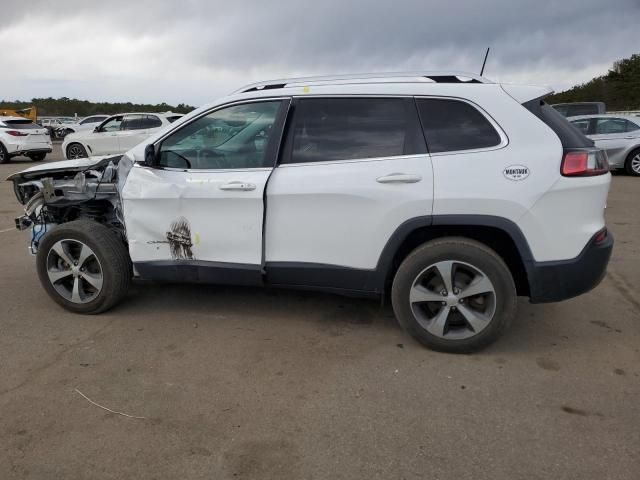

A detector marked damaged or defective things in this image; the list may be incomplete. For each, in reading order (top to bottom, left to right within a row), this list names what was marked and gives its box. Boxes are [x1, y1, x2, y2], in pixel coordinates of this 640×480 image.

severe front-end damage [8, 157, 126, 255]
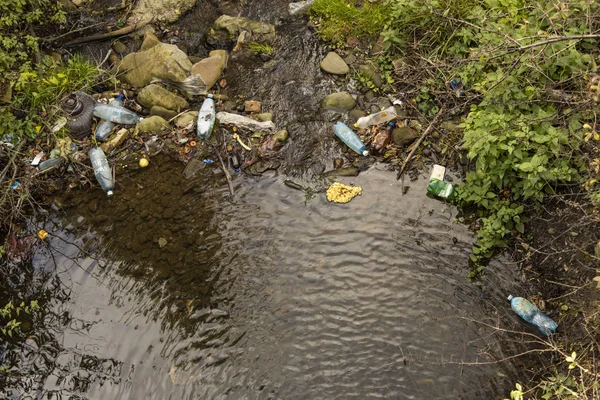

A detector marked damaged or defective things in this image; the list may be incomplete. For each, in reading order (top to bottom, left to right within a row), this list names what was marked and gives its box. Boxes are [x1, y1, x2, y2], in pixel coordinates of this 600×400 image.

broken plastic [216, 111, 276, 131]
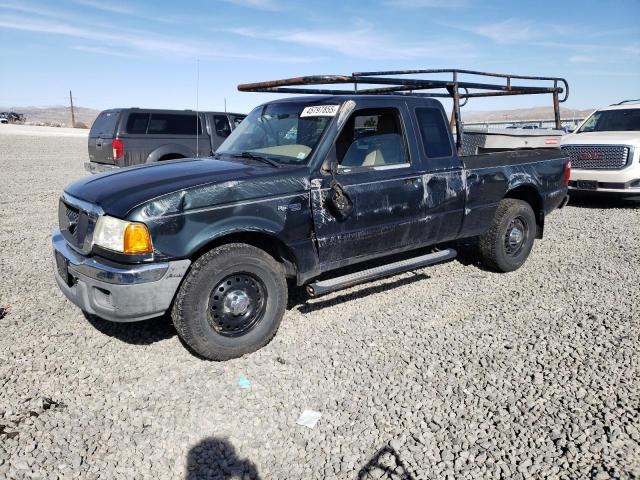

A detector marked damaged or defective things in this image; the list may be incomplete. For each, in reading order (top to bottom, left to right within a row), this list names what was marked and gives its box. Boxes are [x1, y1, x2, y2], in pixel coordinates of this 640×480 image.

rusty roof rack [238, 68, 568, 151]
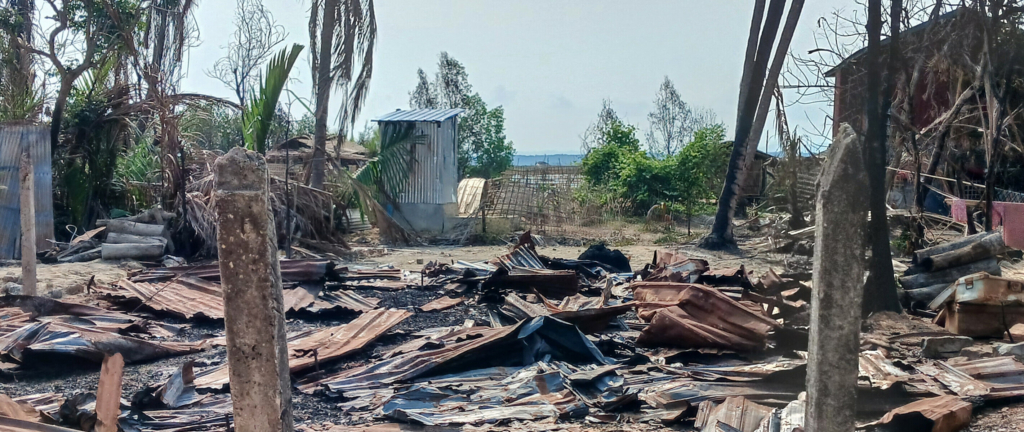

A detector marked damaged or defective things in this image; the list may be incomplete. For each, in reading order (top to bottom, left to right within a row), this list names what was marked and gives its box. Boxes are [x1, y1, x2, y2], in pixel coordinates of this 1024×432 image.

rusted corrugated metal sheet [0, 124, 54, 260]
rusted corrugated metal sheet [108, 276, 224, 321]
charred debris pile [2, 232, 1024, 432]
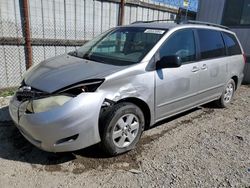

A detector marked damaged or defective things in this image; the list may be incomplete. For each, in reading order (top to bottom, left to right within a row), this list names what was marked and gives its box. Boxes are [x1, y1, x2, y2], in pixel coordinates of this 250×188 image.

crumpled hood [23, 54, 127, 93]
damaged front end [9, 78, 107, 152]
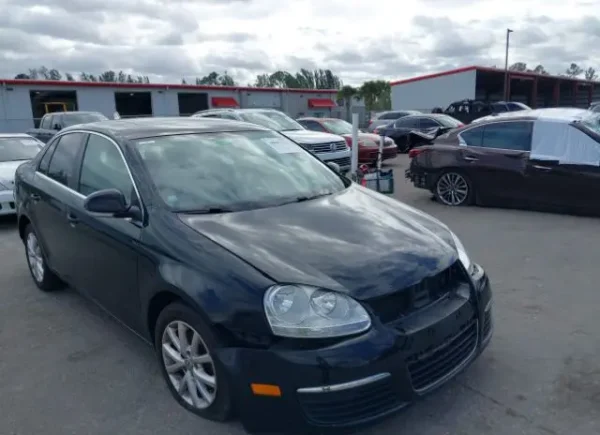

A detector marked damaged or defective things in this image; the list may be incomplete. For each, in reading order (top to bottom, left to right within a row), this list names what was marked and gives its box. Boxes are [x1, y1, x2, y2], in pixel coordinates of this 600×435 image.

damaged brown sedan [406, 108, 600, 215]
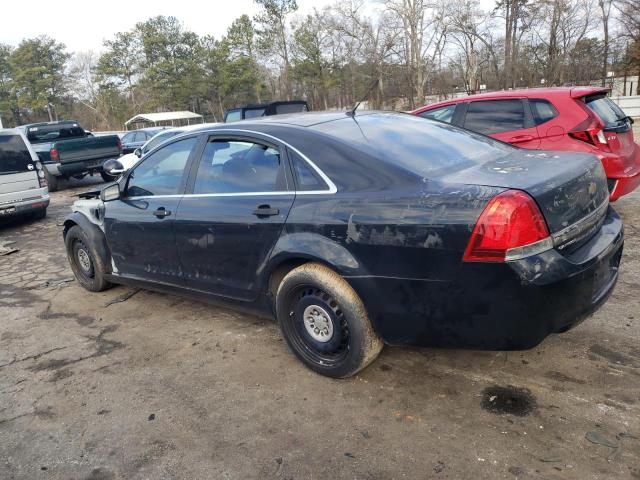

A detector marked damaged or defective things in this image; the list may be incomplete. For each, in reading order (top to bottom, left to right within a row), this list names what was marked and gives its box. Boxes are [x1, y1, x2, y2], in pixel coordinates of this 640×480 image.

damaged black car [62, 112, 624, 378]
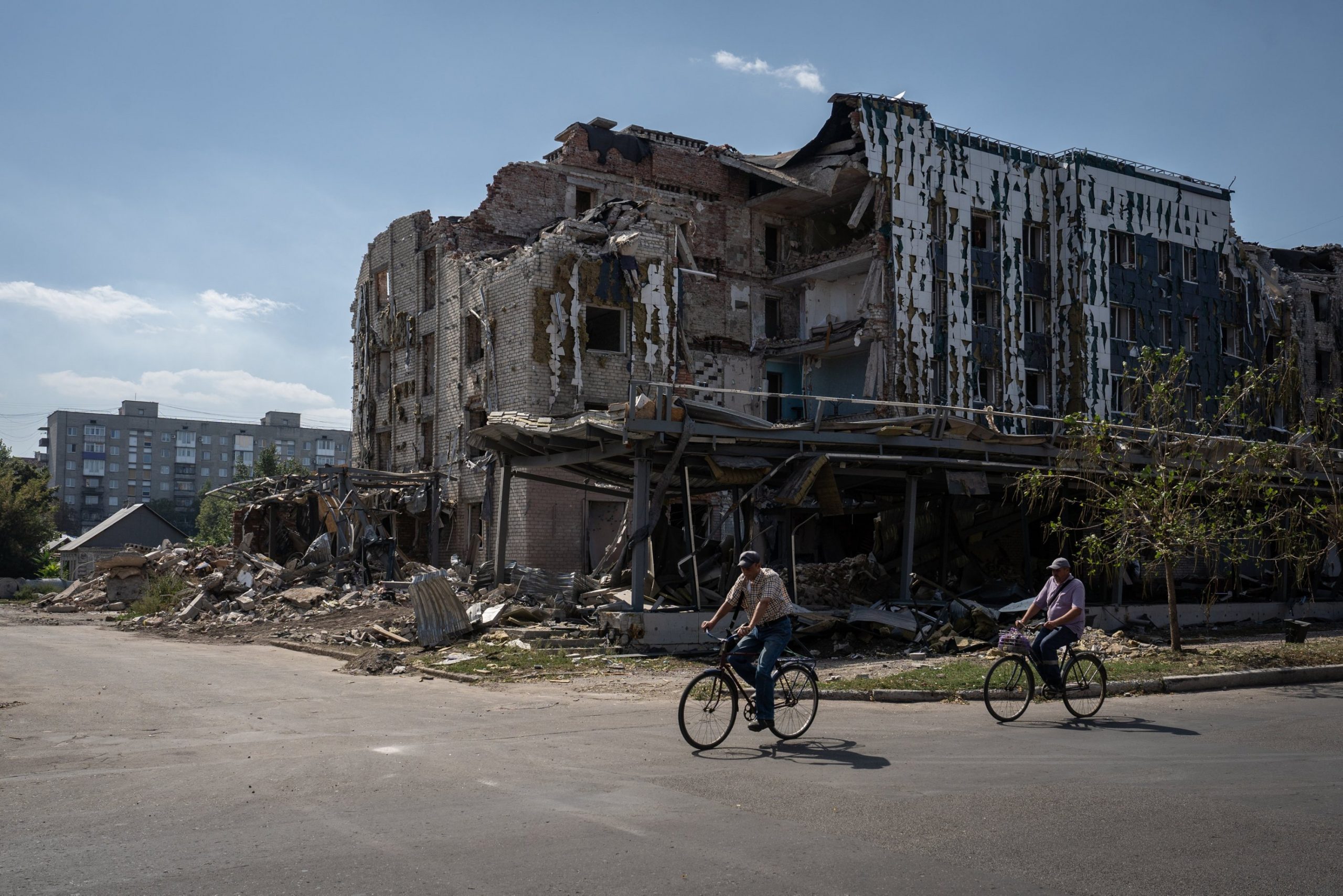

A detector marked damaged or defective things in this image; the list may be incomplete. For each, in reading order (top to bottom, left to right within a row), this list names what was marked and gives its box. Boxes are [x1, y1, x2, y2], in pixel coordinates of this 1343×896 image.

broken window [760, 225, 781, 271]
broken window [969, 212, 990, 251]
broken window [1028, 222, 1049, 261]
broken window [1108, 233, 1142, 269]
broken window [422, 249, 439, 313]
broken window [464, 315, 485, 365]
broken window [583, 304, 625, 355]
broken window [760, 298, 781, 340]
damaged facade [353, 95, 1335, 592]
broken window [969, 290, 1003, 327]
broken window [1028, 298, 1049, 334]
broken window [1108, 304, 1133, 340]
broken window [1309, 292, 1335, 323]
broken window [376, 350, 390, 392]
broken window [422, 334, 439, 397]
broken window [974, 367, 999, 405]
broken window [1028, 369, 1049, 409]
broken window [1108, 380, 1133, 420]
broken window [466, 411, 487, 460]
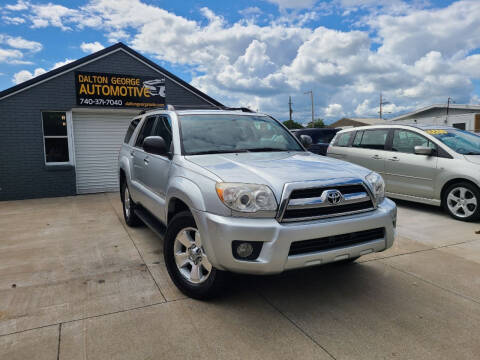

§ **Task to carry out**: The full set of entries should be transcribed exactly, pictures left aside.

§ **Final answer**:
A detector marked damaged or defective things in this image; the list may be incomplete. For each, in reading order (top to bottom, left to right within a row), this list names what was marked and gives its box. Boxes are [x1, y1, x2, y2], in pixel coordinates of this 640×480 image.

severe front-end damage [8, 157, 126, 255]

A detector marked damaged or defective things in this image; the list may be incomplete. For each, in reading order (top to bottom, left to right within a row), this list names what was marked and gives its box. Boxes are [x1, y1, x2, y2], in pixel coordinates of this 600×400 image.

broken plastic [216, 111, 276, 131]

A detector marked damaged or defective things in this image; the list may be incomplete. For each, in reading order (top to bottom, left to right within a row), this list names what was marked and gives its box. Boxes are [x1, y1, x2, y2], in pixel coordinates of this 640×480 image.

rusty roof rack [238, 68, 568, 151]

A detector marked damaged or defective things in this image; the list may be incomplete. For each, in reading order (top to bottom, left to right within a row), this list names what was marked and gives its box. Boxes are [x1, y1, x2, y2], in pixel coordinates of this 1024×432 image.

rusted corrugated metal sheet [0, 124, 54, 260]
rusted corrugated metal sheet [108, 276, 224, 321]
charred debris pile [2, 232, 1024, 432]

A detector marked damaged or defective things in this image; the list may be incomplete. For each, in reading order (top to bottom, left to right within a row), this list names what was marked and gives its box. Boxes are [x1, y1, x2, y2], in pixel coordinates of this 250×188 image.

crumpled hood [23, 54, 127, 93]
damaged front end [9, 78, 107, 152]

A detector marked damaged or defective things in this image; the list may be incomplete. For each, in reading order (top to bottom, left to right within a row), this list names what was marked and gives its box. Boxes are [x1, y1, x2, y2], in pixel coordinates of this 600×435 image.

damaged brown sedan [406, 108, 600, 215]

A detector marked damaged or defective things in this image; the list may be incomplete. For each, in reading order (top to bottom, left to right within a row), this list names what was marked and gives its box. Boxes are [x1, y1, x2, y2], in pixel coordinates of this 640×480 image.

damaged black car [62, 112, 624, 378]

A detector marked damaged or defective things in this image; the list may be incomplete. For each, in reading order (top to bottom, left to right within a row), this list names what was marked and gives its box. Boxes are [x1, y1, x2, y2], in pixel coordinates of this 1343×896 image.

broken window [760, 225, 781, 271]
broken window [969, 212, 990, 251]
broken window [1028, 222, 1049, 261]
broken window [1108, 233, 1142, 269]
broken window [422, 249, 439, 313]
broken window [464, 315, 485, 365]
broken window [583, 304, 625, 355]
broken window [760, 298, 781, 340]
damaged facade [353, 95, 1335, 592]
broken window [969, 290, 1003, 327]
broken window [1028, 298, 1049, 334]
broken window [1108, 304, 1133, 340]
broken window [1309, 292, 1335, 323]
broken window [376, 350, 390, 392]
broken window [422, 334, 439, 397]
broken window [974, 367, 999, 405]
broken window [1028, 369, 1049, 409]
broken window [1108, 380, 1133, 420]
broken window [466, 411, 487, 460]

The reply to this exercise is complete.